> **AIM OF THE EXERCISE**: Look through the material below. Return exactly the lines from the one with "vidaXL 6 pcs" through the one with "Grand lit superposé", both included.

> **SOURCE RECORDS**:

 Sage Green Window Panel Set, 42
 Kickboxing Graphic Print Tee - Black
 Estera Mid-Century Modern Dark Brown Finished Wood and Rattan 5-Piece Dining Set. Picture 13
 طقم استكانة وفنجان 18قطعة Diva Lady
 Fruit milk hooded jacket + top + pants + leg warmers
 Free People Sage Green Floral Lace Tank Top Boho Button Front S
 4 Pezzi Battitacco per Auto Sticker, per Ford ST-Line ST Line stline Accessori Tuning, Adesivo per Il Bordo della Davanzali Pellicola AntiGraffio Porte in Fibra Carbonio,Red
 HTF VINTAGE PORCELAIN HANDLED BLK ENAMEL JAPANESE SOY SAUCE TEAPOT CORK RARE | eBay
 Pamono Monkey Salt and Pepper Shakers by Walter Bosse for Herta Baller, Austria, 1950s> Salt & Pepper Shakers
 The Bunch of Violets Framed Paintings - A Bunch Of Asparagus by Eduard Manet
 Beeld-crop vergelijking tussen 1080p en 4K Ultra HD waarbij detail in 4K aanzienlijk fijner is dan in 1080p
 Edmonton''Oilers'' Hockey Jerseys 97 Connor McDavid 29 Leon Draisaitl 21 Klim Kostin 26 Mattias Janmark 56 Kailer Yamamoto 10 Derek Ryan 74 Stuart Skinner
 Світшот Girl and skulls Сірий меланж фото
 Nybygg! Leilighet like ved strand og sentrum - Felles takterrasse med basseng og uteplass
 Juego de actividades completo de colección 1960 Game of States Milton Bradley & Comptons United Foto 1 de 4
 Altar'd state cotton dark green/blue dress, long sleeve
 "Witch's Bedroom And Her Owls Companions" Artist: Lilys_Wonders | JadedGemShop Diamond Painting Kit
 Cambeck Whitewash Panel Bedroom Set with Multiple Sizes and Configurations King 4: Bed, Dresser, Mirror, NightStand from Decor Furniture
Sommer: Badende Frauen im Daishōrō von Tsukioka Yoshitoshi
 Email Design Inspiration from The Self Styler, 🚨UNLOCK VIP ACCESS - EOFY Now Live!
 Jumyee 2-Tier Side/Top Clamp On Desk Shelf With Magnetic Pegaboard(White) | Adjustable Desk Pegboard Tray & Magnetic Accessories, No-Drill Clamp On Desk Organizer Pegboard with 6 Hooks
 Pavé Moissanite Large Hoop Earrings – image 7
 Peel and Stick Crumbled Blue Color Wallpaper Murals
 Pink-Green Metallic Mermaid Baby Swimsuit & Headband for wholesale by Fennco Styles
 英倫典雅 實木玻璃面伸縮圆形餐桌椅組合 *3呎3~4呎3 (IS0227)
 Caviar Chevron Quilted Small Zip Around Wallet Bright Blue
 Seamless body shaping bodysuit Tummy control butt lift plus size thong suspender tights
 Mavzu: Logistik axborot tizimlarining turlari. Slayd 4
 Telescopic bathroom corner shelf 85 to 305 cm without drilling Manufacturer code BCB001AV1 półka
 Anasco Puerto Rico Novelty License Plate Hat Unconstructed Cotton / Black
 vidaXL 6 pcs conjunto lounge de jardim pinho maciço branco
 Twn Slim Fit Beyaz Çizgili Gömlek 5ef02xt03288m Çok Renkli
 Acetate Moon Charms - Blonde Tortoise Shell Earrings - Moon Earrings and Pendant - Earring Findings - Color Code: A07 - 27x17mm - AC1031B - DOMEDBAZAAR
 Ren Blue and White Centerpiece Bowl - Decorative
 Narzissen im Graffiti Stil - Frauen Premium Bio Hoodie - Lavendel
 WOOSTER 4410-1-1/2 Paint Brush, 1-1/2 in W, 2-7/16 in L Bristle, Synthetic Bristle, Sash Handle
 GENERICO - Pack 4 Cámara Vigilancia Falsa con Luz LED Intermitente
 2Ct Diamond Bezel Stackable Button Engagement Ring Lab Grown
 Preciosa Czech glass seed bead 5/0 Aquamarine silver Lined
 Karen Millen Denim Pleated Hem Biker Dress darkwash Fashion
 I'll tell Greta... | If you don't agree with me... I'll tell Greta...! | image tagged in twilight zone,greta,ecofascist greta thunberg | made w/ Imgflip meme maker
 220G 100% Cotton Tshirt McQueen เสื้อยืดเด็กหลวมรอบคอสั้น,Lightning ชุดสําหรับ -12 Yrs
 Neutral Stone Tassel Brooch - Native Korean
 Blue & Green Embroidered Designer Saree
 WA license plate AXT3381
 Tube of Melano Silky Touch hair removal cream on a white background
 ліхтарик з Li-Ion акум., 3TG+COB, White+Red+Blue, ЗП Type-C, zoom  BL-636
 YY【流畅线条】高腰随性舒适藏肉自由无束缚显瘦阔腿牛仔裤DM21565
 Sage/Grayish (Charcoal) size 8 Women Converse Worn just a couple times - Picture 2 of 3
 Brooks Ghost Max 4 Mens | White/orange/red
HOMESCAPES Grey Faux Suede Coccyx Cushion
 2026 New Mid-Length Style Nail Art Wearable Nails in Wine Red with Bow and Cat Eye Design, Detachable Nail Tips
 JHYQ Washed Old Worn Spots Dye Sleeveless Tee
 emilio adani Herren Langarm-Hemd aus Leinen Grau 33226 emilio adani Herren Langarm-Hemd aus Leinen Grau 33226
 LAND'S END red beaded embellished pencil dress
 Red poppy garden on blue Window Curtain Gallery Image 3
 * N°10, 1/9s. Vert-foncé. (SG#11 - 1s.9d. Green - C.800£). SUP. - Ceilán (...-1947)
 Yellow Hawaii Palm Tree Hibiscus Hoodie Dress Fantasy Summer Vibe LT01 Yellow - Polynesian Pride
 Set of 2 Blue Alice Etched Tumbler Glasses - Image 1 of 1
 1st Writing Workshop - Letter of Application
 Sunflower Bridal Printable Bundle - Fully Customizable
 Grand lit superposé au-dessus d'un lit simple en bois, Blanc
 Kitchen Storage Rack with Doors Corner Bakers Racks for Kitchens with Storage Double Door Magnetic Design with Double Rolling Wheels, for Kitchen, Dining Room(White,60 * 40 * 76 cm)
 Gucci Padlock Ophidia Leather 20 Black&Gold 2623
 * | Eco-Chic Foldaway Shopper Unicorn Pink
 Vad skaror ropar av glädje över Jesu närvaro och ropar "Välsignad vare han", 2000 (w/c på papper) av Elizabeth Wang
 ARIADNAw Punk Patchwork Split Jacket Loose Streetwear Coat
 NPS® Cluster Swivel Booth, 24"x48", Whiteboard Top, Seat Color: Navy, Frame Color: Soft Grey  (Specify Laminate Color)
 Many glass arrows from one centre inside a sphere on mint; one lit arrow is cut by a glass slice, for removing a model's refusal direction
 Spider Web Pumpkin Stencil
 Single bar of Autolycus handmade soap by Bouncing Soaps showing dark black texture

> **SOLUTION TO THIS PROBLEM**:
 vidaXL 6 pcs conjunto lounge de jardim pinho maciço branco
 Twn Slim Fit Beyaz Çizgili Gömlek 5ef02xt03288m Çok Renkli
 Acetate Moon Charms - Blonde Tortoise Shell Earrings - Moon Earrings and Pendant - Earring Findings - Color Code: A07 - 27x17mm - AC1031B - DOMEDBAZAAR
 Ren Blue and White Centerpiece Bowl - Decorative
 Narzissen im Graffiti Stil - Frauen Premium Bio Hoodie - Lavendel
 WOOSTER 4410-1-1/2 Paint Brush, 1-1/2 in W, 2-7/16 in L Bristle, Synthetic Bristle, Sash Handle
 GENERICO - Pack 4 Cámara Vigilancia Falsa con Luz LED Intermitente
 2Ct Diamond Bezel Stackable Button Engagement Ring Lab Grown
 Preciosa Czech glass seed bead 5/0 Aquamarine silver Lined
 Karen Millen Denim Pleated Hem Biker Dress darkwash Fashion
 I'll tell Greta... | If you don't agree with me... I'll tell Greta...! | image tagged in twilight zone,greta,ecofascist greta thunberg | made w/ Imgflip meme maker
 220G 100% Cotton Tshirt McQueen เสื้อยืดเด็กหลวมรอบคอสั้น,Lightning ชุดสําหรับ -12 Yrs
 Neutral Stone Tassel Brooch - Native Korean
 Blue & Green Embroidered Designer Saree
 WA license plate AXT3381
 Tube of Melano Silky Touch hair removal cream on a white background
 ліхтарик з Li-Ion акум., 3TG+COB, White+Red+Blue, ЗП Type-C, zoom  BL-636
 YY【流畅线条】高腰随性舒适藏肉自由无束缚显瘦阔腿牛仔裤DM21565
 Sage/Grayish (Charcoal) size 8 Women Converse Worn just a couple times - Picture 2 of 3
 Brooks Ghost Max 4 Mens | White/orange/red
HOMESCAPES Grey Faux Suede Coccyx Cushion
 2026 New Mid-Length Style Nail Art Wearable Nails in Wine Red with Bow and Cat Eye Design, Detachable Nail Tips
 JHYQ Washed Old Worn Spots Dye Sleeveless Tee
 emilio adani Herren Langarm-Hemd aus Leinen Grau 33226 emilio adani Herren Langarm-Hemd aus Leinen Grau 33226
 LAND'S END red beaded embellished pencil dress
 Red poppy garden on blue Window Curtain Gallery Image 3
 * N°10, 1/9s. Vert-foncé. (SG#11 - 1s.9d. Green - C.800£). SUP. - Ceilán (...-1947)
 Yellow Hawaii Palm Tree Hibiscus Hoodie Dress Fantasy Summer Vibe LT01 Yellow - Polynesian Pride
 Set of 2 Blue Alice Etched Tumbler Glasses - Image 1 of 1
 1st Writing Workshop - Letter of Application
 Sunflower Bridal Printable Bundle - Fully Customizable
 Grand lit superposé au-dessus d'un lit simple en bois, Blanc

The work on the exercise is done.